All of the listing below must be repeated word for word. Pictures are the only thing to omit.

:: Provided material ::
· · · · · · ·
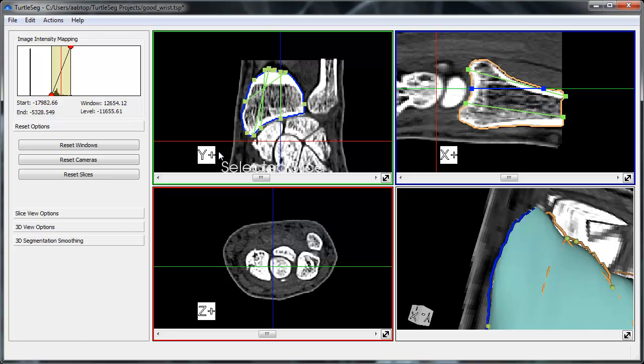The contour can be deleted by pressing the Delete key. The contour can also be edited.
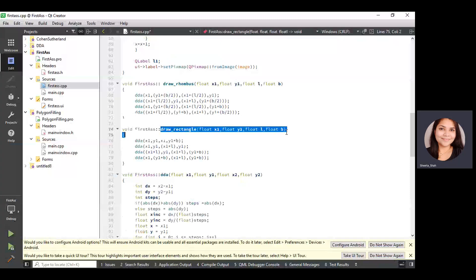The second push button calls the circle function and the third push button calls the rhombus. For each push button, we retrieve the values of x1, y1, length, and breadth, then pass them to the respective function call. In this way, we can implement the complete program and find the final output.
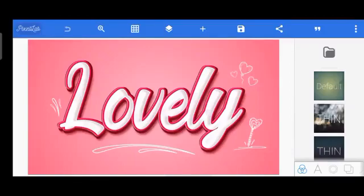Hi guys, it's Promise Sebastian here again. It's another wonderful Wednesday and I trust you are having a wonderful day. You're going to be learning this awesome four-layer text effect on Puzzle Lab. It's simple, trust me. If you're new to this channel, don't forget to hit the subscribe button and the bell notification button, as I drop awesome tutorials every Wednesday. Without further ado, let's get started.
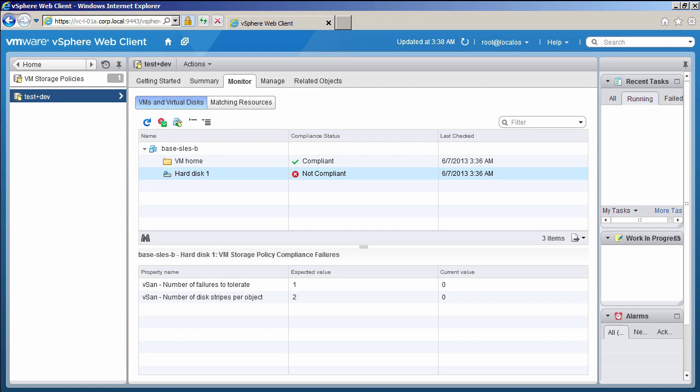It will take a few minutes for the VM to become compliant. You can check compliance by clicking on this button.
· · · · · · ·
:: Task solution ::
The contour can be deleted by pressing the Delete key. The contour can also be edited.
The second push button calls the circle function and the third push button calls the rhombus. For each push button, we retrieve the values of x1, y1, length, and breadth, then pass them to the respective function call. In this way, we can implement the complete program and find the final output.
Hi guys, it's Promise Sebastian here again. It's another wonderful Wednesday and I trust you are having a wonderful day. You're going to be learning this awesome four-layer text effect on Puzzle Lab. It's simple, trust me. If you're new to this channel, don't forget to hit the subscribe button and the bell notification button, as I drop awesome tutorials every Wednesday. Without further ado, let's get started.
It will take a few minutes for the VM to become compliant. You can check compliance by clicking on this button.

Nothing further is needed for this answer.